Real Talk: What I Wish I Knew
If I could go back in time and tell younger me stuff:
- Don’t skip fundamentals. Your future self will thank you.
- Use real data. Boring messy data. That’s where you learn.
- You don’t need to memorize everything. Google is fine. Understanding is what matters.
- Build stuff you care about. Not random projects. Stuff that actually interests you.
- The hard part is not quitting. Not being smart. Just… not quitting.

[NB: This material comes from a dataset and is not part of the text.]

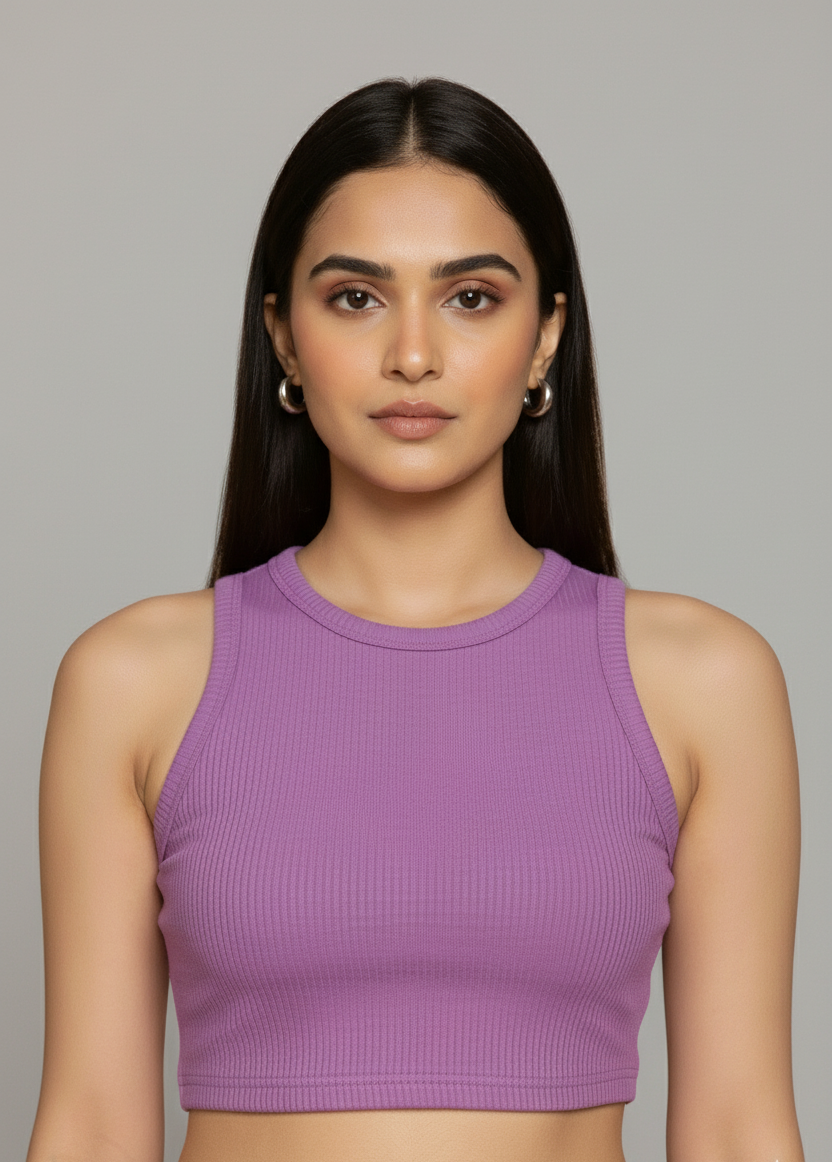 Zyra Bloom TrendRush Tank & 4-Pocket Cargo Pants Set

- Find other people learning this. Talk to them. Ask them questions. It helps so much.
Where I’m At Now
Now Python is just… part of how I work. I use it for automation, data analysis, machine learning stuff, all of it. It’s my default tool. But here’s the thing I’m still learning. Every single week I learn something new. New tools, new techniques, new ways of doing things. And that’s cool. Means I’m not bored.
Can You Do This?
Yeah. You absolutely can. If I can do it and I’m not special, I’m just consistent you can definitely do it. Just start. Write something dumb in Python today. Then do it tomorrow. Then the day after. That’s it. The you six months from now will be like “damn, I’m glad I started back then.” That’s how it works.